One benefit is that this has helped increase my empathy for people. The most important quality in an opera composer is representing a wide range of human emotions. In order to do that successfully, a creator needs to be able to feel deeply for the characters they create — even the ones that are most unlike ourselves. Even the ones who make terrible decisions and harm the people around them.

I also come from serious storyteller stock, which is helpful when you tell stories all day. Storytelling is at the centre of everything I do as a composer, and is very likely the reason I’ve found such a happy home in opera.

As a composer, you often do not have absolute control over productions and performances of your work. How involved were you in bringing Fantasma to the stage?

Most people think composers are hallowed beings who have a say in every creative decision affecting their work. The truth couldn’t be further from this.

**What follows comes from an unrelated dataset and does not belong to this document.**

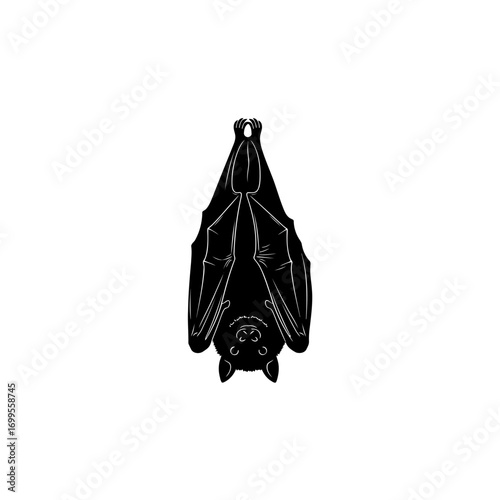 Black bat hanging upside down silhouette isolated on white background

And that’s a fantastic thing.

The act of creating an opera is a collaborative effort between dozens of professionals who are experts in their fields, including directors, designers, performers, musicians, and administrators. The act of making a work requires the convergence of these areas of expertise, and that means having multiple sources of creative input.

With Fantasma, I was lucky to be invited into this complex ecosystem and given space to voice my perspective on the work’s presentation. Much of this is thanks to the incredible director Julie McIsaac, who created a collaborative and stimulating environment where each person involved in the project was valued and understood as critical to the work’s success.

What is your favourite thing about the performances?

The best part of making opera is being present in a room where live opera is happening. Going to the theatre is a communal experience where the audience journeys together. Even having spent years with my own work, each performance is an opportunity for me to discover the work anew. And, with every performance, the work changes — performers make different artistic choices, audiences engage with the material differently.

The piece lives and breathes each night because, after all, opera is a living art form. Every time I see my work, I discover something new about it, and that is the greatest part of doing what I get to do.